Aim of the task
Output, without any change, the listing below from its opening line up to and including the line with "Palm Tree Photo".

+ + + + + + +

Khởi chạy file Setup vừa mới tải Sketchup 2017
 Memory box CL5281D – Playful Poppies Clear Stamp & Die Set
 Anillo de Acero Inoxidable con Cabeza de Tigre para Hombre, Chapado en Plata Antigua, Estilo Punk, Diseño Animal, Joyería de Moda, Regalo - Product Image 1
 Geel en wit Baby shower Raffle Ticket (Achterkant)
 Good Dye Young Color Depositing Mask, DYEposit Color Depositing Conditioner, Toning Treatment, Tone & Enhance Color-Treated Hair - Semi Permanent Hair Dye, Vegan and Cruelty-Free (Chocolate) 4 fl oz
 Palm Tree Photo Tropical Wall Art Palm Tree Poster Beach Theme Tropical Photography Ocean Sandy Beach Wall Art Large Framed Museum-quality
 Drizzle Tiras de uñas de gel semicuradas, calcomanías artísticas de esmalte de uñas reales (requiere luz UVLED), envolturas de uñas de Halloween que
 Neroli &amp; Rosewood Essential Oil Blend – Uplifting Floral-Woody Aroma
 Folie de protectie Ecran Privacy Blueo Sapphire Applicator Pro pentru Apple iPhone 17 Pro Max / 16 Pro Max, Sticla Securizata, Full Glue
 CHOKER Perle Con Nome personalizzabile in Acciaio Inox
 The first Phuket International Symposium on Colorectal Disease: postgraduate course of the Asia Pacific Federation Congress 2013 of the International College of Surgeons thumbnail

+ + + + + + +

Your response
Khởi chạy file Setup vừa mới tải Sketchup 2017
 Memory box CL5281D – Playful Poppies Clear Stamp & Die Set
 Anillo de Acero Inoxidable con Cabeza de Tigre para Hombre, Chapado en Plata Antigua, Estilo Punk, Diseño Animal, Joyería de Moda, Regalo - Product Image 1
 Geel en wit Baby shower Raffle Ticket (Achterkant)
 Good Dye Young Color Depositing Mask, DYEposit Color Depositing Conditioner, Toning Treatment, Tone & Enhance Color-Treated Hair - Semi Permanent Hair Dye, Vegan and Cruelty-Free (Chocolate) 4 fl oz
 Palm Tree Photo Tropical Wall Art Palm Tree Poster Beach Theme Tropical Photography Ocean Sandy Beach Wall Art Large Framed Museum-quality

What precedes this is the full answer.